| EXERCISE BRIEF |
Could you repeat the entries below exactly, but only from the line with "The last rule" through the line with "Stephen raises a", and without any picture?

══ MATERIAL PROVIDED ══

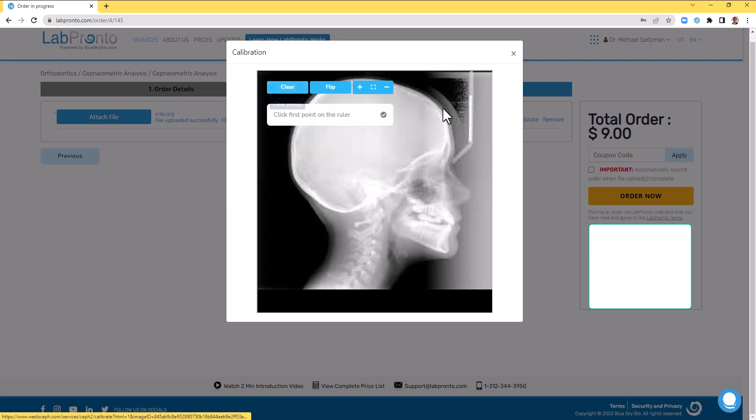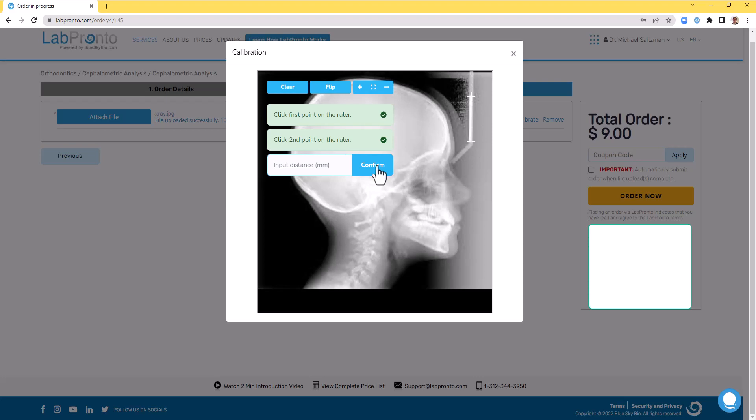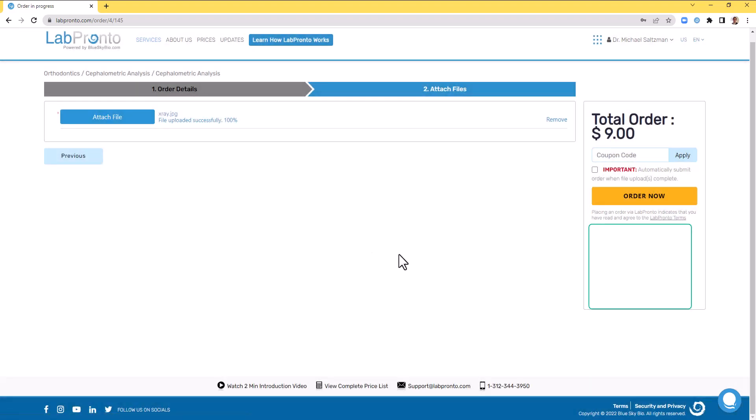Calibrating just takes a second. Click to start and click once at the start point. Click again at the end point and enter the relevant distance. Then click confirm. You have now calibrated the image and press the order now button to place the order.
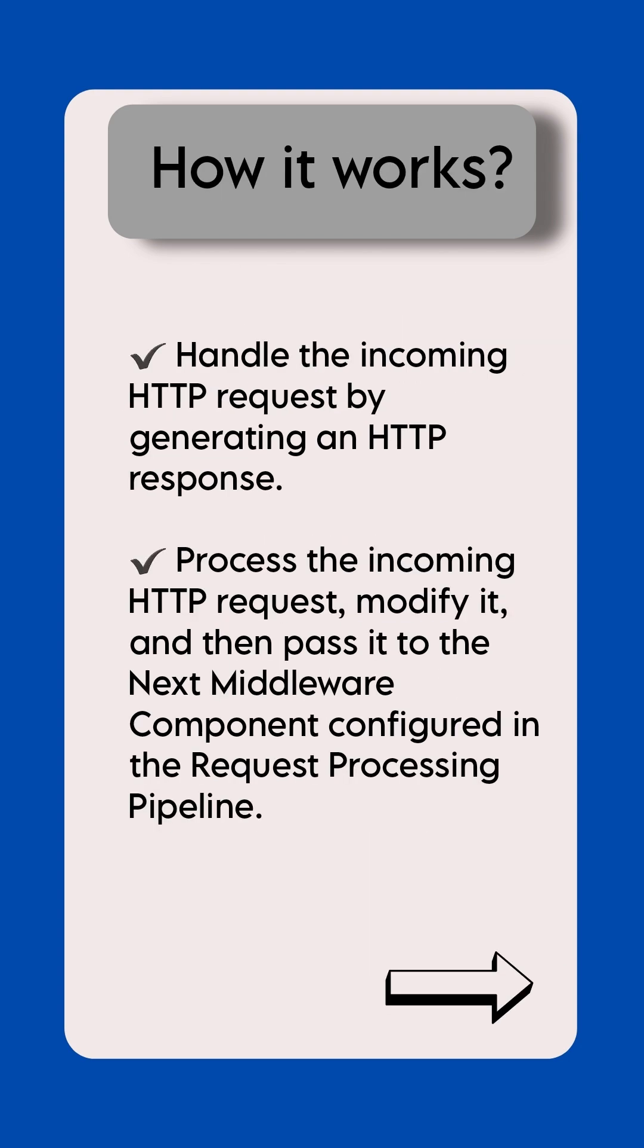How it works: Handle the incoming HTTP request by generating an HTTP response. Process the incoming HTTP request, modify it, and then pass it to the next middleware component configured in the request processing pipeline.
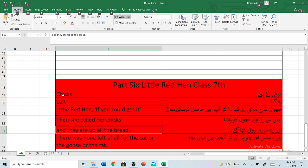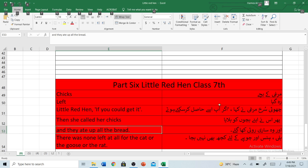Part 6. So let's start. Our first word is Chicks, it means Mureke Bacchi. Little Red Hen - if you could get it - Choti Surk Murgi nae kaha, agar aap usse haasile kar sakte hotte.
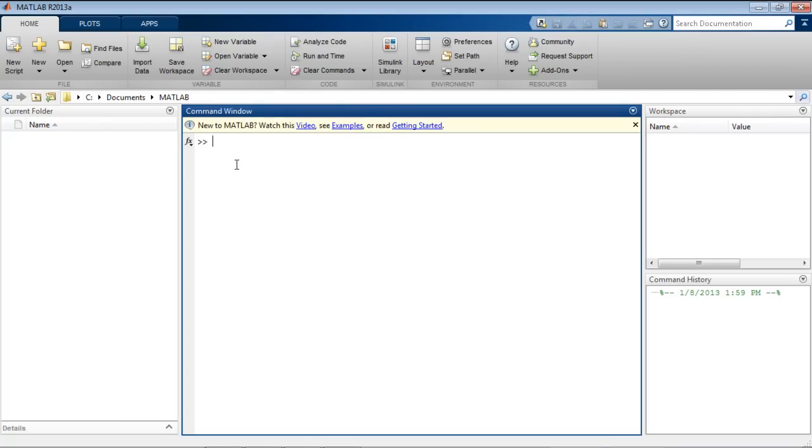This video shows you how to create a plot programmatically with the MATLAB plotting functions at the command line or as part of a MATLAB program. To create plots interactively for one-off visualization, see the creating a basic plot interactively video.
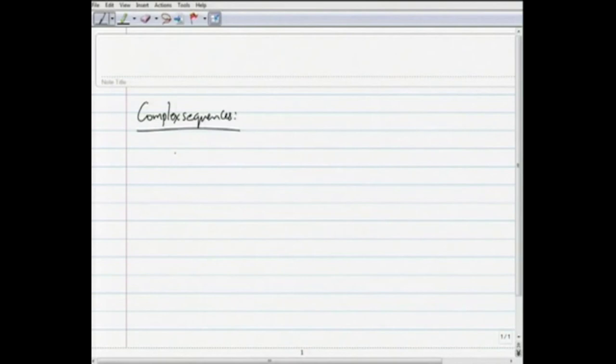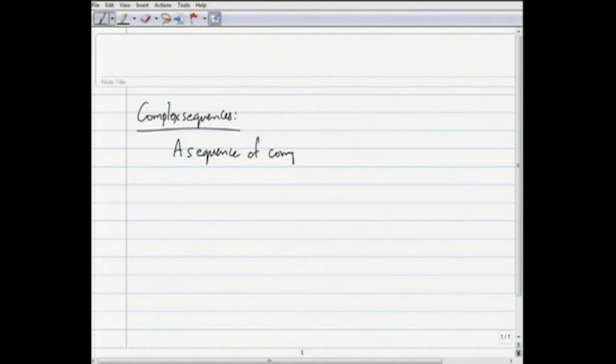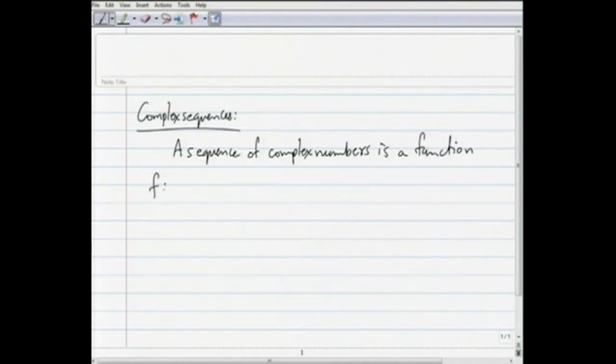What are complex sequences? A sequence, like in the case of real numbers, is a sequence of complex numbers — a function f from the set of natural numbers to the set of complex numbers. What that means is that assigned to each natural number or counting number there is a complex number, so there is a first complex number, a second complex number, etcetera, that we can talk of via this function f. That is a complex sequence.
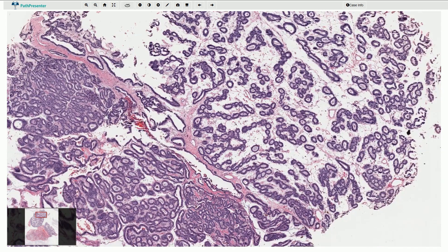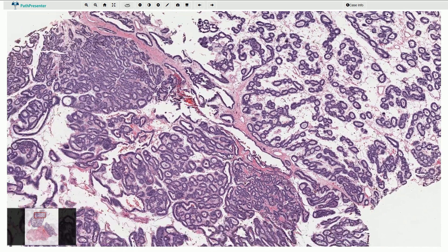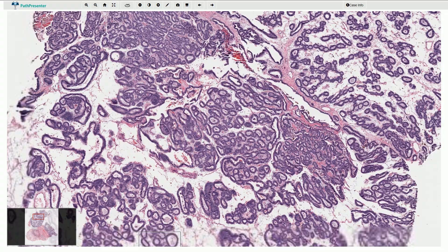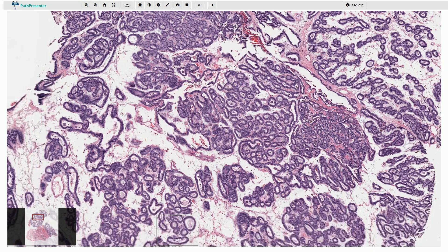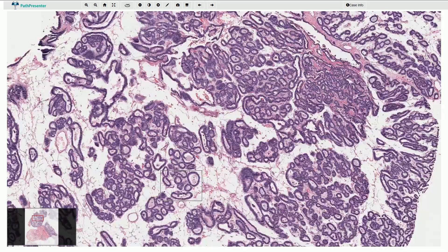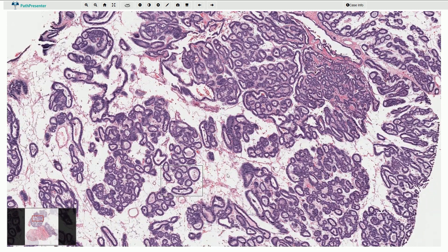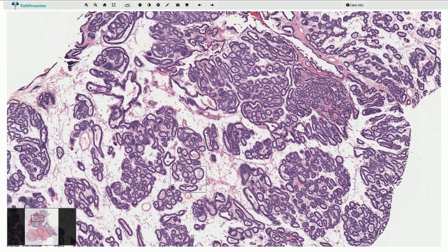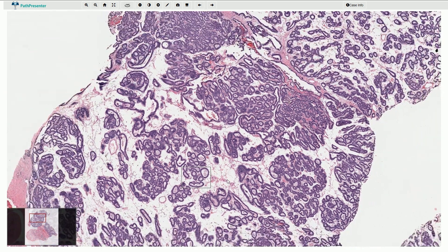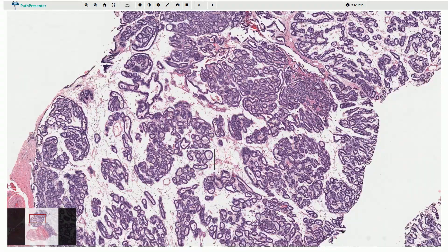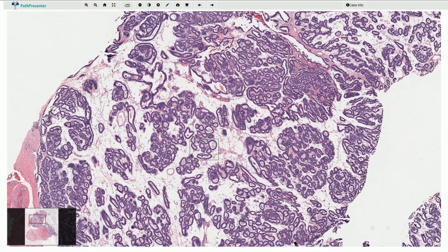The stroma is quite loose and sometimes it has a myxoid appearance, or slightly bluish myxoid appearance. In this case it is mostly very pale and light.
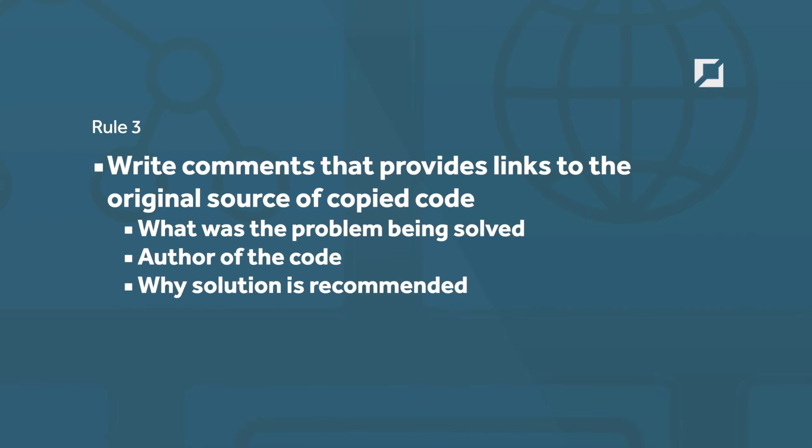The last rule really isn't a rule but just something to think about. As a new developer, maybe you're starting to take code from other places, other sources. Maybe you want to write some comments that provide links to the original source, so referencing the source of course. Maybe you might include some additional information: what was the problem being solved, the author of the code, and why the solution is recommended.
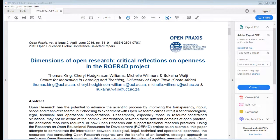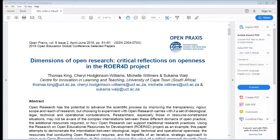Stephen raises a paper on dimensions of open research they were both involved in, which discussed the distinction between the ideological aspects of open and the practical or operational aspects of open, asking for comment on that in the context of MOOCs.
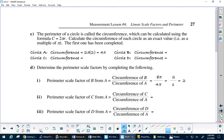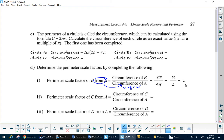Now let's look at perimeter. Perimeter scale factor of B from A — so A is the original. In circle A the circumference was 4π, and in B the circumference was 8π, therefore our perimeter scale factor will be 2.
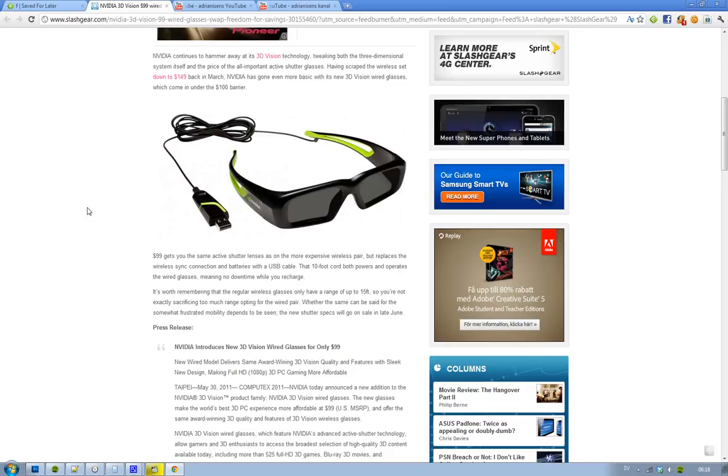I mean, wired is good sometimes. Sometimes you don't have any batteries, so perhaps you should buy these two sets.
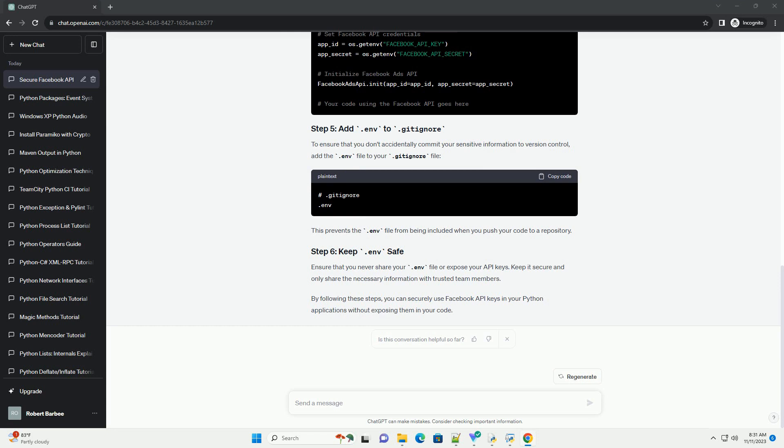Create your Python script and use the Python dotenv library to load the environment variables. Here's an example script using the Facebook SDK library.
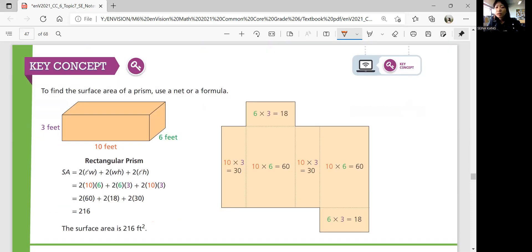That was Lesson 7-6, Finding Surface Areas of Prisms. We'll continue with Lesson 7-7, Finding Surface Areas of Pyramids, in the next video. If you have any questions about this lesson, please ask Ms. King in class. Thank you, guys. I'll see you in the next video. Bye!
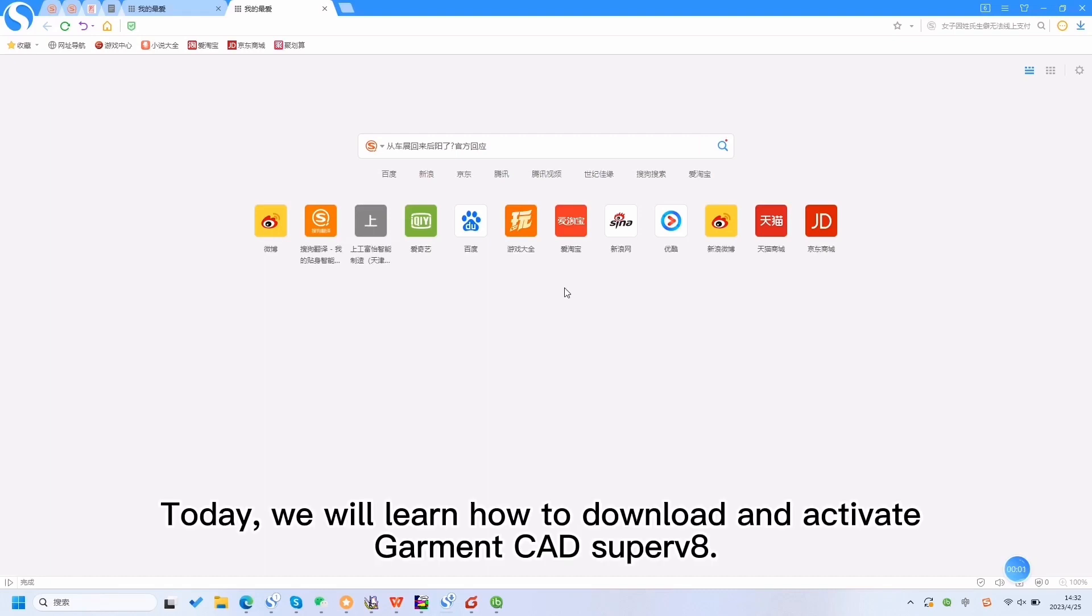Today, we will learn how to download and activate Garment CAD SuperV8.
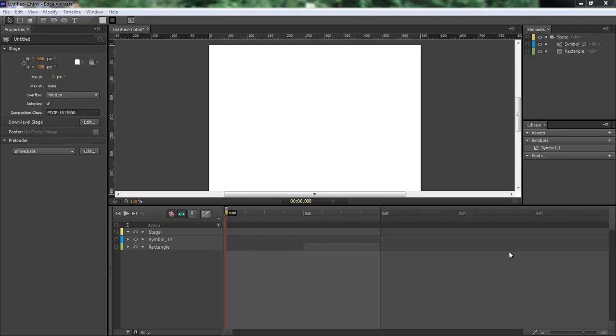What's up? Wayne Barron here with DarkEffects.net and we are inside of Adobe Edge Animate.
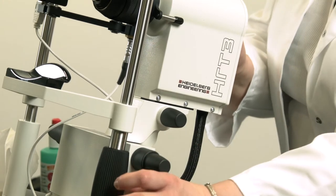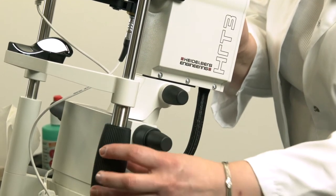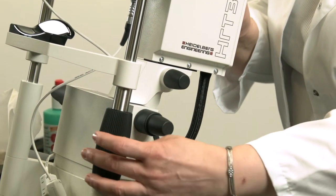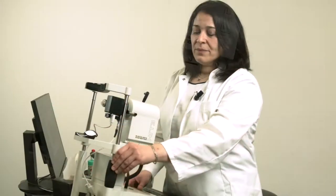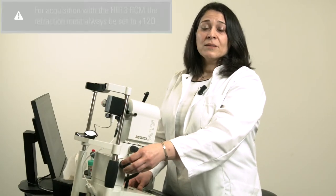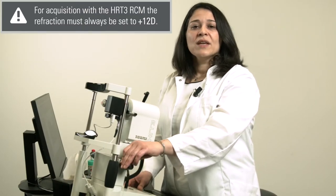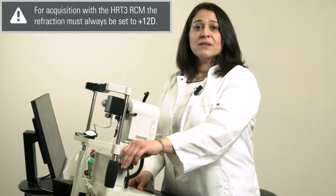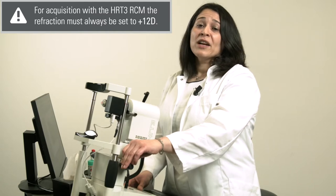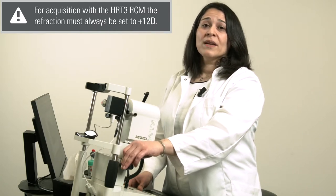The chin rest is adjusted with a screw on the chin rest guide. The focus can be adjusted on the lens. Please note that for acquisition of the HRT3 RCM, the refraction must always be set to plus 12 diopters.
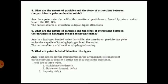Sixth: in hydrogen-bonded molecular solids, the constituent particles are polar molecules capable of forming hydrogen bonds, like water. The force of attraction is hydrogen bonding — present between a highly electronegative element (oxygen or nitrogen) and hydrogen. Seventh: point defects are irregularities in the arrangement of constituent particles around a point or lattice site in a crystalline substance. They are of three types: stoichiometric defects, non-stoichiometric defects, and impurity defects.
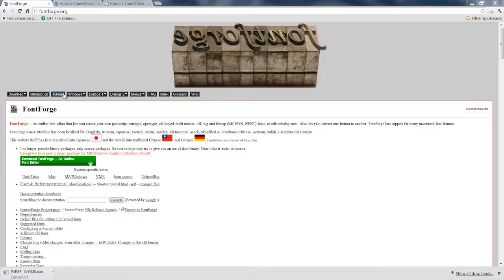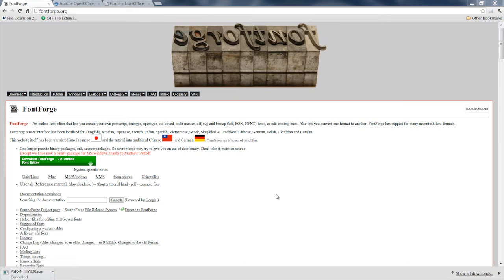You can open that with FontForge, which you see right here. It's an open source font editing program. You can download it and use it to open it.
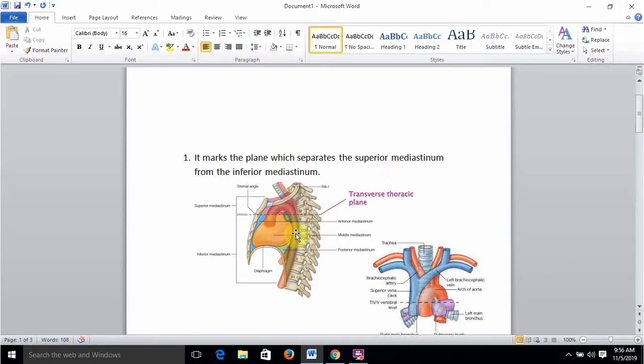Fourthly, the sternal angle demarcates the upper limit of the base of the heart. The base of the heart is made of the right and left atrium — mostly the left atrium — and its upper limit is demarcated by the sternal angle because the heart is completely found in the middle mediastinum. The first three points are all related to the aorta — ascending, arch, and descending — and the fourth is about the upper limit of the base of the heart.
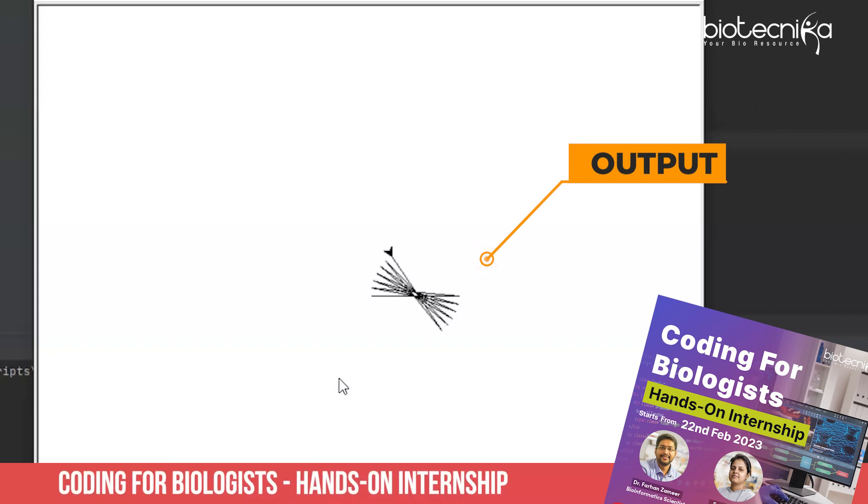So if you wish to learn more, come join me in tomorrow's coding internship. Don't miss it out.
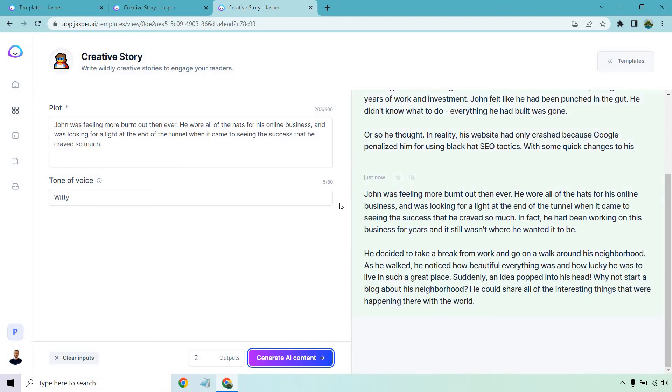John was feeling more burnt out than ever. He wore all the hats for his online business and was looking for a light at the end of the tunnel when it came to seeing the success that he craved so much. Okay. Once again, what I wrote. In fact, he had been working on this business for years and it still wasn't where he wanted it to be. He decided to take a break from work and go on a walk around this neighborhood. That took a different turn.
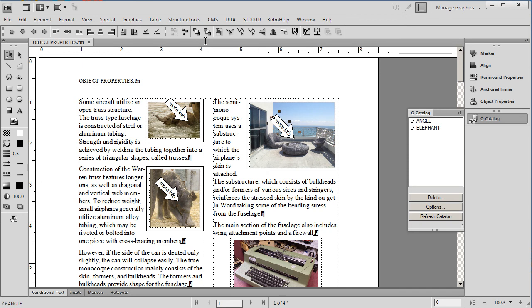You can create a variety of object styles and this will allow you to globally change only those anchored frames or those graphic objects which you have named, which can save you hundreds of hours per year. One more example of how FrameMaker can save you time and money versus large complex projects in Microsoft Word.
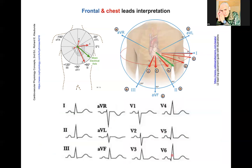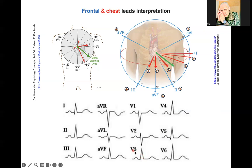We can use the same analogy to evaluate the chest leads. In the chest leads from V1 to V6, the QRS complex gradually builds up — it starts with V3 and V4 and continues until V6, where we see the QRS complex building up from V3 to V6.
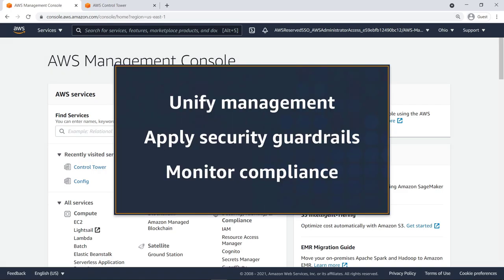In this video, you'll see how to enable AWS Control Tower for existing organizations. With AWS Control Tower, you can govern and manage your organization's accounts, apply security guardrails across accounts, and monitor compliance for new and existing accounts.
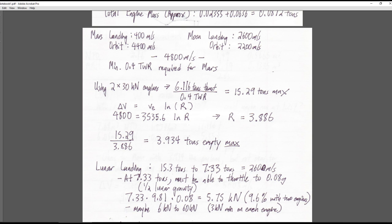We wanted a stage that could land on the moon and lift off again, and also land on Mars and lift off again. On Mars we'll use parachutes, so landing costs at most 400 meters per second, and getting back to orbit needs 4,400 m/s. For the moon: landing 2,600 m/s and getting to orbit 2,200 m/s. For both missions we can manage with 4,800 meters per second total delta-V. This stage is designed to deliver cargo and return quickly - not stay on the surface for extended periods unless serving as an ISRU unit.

═══

| EXERCISE ANSWER |
The last rule really isn't a rule but just something to think about. As a new developer, maybe you're starting to take code from other places, other sources. Maybe you want to write some comments that provide links to the original source, so referencing the source of course. Maybe you might include some additional information: what was the problem being solved, the author of the code, and why the solution is recommended.
Stephen raises a paper on dimensions of open research they were both involved in, which discussed the distinction between the ideological aspects of open and the practical or operational aspects of open, asking for comment on that in the context of MOOCs.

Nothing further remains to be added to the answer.